Collected data entries:
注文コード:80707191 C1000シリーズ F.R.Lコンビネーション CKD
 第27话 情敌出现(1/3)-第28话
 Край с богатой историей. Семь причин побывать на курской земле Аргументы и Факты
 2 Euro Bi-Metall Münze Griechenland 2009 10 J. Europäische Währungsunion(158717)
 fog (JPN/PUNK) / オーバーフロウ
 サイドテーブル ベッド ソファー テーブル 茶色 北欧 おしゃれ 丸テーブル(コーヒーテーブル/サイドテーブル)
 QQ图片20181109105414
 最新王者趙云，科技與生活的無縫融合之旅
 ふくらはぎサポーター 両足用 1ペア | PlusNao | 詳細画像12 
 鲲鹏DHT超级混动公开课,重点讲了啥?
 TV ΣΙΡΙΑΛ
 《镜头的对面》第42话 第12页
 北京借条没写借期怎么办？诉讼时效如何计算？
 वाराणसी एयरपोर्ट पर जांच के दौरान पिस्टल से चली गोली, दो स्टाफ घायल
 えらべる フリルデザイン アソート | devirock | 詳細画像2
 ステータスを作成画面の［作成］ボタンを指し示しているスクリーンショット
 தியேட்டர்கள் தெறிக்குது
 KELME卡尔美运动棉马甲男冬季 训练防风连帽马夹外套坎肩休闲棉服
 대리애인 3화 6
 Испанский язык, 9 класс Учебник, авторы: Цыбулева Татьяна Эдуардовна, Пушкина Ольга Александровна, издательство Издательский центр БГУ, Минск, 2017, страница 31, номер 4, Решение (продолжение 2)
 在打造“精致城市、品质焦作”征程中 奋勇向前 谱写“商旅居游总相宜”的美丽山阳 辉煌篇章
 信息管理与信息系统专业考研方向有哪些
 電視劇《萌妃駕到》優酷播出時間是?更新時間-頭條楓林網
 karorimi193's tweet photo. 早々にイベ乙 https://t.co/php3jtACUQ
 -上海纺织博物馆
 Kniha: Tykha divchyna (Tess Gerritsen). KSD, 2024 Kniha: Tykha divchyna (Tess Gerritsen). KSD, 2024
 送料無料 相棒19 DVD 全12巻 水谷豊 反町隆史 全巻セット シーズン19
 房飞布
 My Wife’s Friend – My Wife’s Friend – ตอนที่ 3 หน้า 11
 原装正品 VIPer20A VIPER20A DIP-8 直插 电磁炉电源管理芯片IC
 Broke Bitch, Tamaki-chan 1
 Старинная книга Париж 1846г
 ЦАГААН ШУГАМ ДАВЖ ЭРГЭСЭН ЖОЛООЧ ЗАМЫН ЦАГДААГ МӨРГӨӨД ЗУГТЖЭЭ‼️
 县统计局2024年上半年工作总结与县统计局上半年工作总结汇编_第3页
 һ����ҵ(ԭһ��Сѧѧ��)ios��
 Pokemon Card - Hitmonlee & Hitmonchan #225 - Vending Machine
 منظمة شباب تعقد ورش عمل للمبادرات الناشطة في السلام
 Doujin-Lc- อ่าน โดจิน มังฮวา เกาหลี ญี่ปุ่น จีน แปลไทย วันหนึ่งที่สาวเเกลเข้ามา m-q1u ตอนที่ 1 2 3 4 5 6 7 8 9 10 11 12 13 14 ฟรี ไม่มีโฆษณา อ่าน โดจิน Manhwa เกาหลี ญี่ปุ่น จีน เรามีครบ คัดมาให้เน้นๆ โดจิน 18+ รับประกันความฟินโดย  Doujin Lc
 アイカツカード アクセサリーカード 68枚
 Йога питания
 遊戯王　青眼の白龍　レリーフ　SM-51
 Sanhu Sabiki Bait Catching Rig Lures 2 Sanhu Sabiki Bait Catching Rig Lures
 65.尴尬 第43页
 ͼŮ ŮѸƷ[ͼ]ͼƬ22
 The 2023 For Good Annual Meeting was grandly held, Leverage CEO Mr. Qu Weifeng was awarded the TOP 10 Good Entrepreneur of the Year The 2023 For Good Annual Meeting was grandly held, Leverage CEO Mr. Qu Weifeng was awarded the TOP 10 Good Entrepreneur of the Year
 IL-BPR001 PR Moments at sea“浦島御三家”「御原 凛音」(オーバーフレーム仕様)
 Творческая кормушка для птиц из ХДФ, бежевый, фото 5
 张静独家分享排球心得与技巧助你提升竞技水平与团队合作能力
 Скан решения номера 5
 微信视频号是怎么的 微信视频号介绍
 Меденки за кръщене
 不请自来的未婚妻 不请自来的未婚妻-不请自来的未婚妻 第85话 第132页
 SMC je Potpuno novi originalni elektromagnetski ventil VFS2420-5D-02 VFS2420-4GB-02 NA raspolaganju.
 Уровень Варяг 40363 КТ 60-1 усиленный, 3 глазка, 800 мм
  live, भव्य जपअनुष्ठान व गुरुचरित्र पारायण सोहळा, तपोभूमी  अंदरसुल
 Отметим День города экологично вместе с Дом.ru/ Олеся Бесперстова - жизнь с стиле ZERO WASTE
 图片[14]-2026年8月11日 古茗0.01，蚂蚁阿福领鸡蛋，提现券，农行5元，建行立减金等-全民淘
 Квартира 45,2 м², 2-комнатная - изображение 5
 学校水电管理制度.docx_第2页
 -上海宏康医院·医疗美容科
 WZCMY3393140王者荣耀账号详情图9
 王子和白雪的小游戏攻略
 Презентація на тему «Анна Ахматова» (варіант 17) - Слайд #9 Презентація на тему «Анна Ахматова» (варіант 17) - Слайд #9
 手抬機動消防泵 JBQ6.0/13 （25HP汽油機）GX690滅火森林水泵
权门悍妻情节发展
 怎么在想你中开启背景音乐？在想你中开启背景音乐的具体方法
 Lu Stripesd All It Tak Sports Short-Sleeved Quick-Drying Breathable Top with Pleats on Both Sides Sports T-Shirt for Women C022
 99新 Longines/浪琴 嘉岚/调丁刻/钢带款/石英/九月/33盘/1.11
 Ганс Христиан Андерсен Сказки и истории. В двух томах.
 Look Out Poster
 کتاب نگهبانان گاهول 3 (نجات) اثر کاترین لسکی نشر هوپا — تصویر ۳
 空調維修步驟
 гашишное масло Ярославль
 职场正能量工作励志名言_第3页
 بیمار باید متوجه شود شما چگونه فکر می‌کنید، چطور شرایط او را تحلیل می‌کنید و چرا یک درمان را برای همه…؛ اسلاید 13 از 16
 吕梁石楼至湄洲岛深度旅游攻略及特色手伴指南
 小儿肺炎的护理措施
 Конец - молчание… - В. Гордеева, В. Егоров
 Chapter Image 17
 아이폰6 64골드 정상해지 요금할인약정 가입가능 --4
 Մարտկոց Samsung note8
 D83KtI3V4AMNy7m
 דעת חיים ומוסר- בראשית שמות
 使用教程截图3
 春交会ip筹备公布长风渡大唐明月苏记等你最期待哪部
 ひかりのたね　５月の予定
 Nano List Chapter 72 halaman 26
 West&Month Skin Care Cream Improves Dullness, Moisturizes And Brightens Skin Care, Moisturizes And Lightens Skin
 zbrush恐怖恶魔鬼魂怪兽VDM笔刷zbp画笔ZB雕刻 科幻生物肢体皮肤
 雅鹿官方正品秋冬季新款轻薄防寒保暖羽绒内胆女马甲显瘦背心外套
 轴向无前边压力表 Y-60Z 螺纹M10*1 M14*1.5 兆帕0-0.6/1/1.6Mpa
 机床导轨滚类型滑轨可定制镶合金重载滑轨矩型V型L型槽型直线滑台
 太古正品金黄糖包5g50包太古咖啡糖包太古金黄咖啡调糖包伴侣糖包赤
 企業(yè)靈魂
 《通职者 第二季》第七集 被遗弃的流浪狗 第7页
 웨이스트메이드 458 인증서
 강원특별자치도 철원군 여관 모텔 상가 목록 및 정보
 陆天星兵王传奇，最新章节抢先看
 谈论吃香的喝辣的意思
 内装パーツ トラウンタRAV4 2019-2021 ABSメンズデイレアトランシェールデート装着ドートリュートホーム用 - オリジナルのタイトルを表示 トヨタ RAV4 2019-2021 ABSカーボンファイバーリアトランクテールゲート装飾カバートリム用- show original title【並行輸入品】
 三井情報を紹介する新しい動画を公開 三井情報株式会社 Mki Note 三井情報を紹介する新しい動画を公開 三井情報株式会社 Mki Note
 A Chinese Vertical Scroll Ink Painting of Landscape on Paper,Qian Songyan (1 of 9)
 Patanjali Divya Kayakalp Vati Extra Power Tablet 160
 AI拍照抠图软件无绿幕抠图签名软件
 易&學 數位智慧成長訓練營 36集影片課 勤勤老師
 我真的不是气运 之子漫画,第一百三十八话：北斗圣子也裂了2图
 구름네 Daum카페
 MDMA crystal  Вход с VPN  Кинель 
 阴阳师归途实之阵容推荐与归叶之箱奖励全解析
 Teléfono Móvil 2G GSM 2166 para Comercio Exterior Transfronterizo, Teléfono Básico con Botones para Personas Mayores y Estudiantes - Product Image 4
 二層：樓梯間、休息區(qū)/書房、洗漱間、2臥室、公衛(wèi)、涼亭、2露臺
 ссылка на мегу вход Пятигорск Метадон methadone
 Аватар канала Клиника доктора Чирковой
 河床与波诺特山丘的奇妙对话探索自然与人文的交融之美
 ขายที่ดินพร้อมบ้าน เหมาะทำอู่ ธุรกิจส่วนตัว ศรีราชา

__Work task__
Copy out the lines above exactly, beginning at the one that contains "Lu Stripesd All" and ending at the one that contains "职场正能量工作励志名言_第3页".

__Exercise response__
 Lu Stripesd All It Tak Sports Short-Sleeved Quick-Drying Breathable Top with Pleats on Both Sides Sports T-Shirt for Women C022
 99新 Longines/浪琴 嘉岚/调丁刻/钢带款/石英/九月/33盘/1.11
 Ганс Христиан Андерсен Сказки и истории. В двух томах.
 Look Out Poster
 کتاب نگهبانان گاهول 3 (نجات) اثر کاترین لسکی نشر هوپا — تصویر ۳
 空調維修步驟
 гашишное масло Ярославль
 职场正能量工作励志名言_第3页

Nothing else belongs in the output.